**BRIEF**.
If you see a picture in the data below, omit it and copy the rest exactly.

**INFORMATION PROVIDED**.
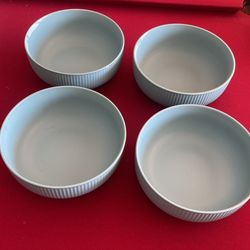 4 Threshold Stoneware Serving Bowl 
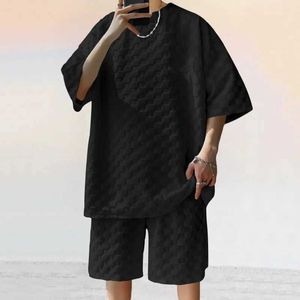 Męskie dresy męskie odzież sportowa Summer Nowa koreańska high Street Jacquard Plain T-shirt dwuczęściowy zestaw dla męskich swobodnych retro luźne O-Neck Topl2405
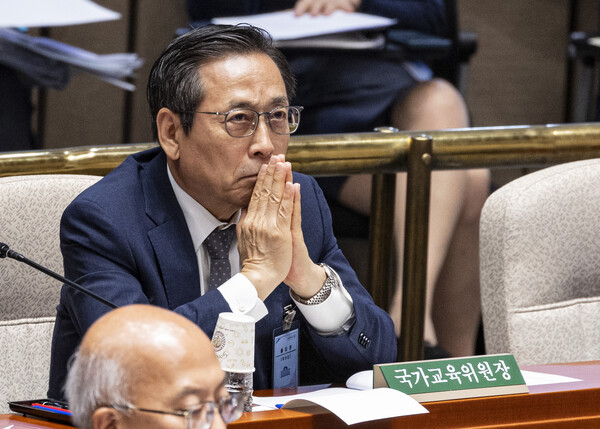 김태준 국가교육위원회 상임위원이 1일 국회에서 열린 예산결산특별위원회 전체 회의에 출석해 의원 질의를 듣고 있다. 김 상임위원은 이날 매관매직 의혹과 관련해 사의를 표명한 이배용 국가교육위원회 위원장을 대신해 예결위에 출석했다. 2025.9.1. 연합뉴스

**EXPECTED OUTPUT**.
 4 Threshold Stoneware Serving Bowl 
 Męskie dresy męskie odzież sportowa Summer Nowa koreańska high Street Jacquard Plain T-shirt dwuczęściowy zestaw dla męskich swobodnych retro luźne O-Neck Topl2405
 김태준 국가교육위원회 상임위원이 1일 국회에서 열린 예산결산특별위원회 전체 회의에 출석해 의원 질의를 듣고 있다. 김 상임위원은 이날 매관매직 의혹과 관련해 사의를 표명한 이배용 국가교육위원회 위원장을 대신해 예결위에 출석했다. 2025.9.1. 연합뉴스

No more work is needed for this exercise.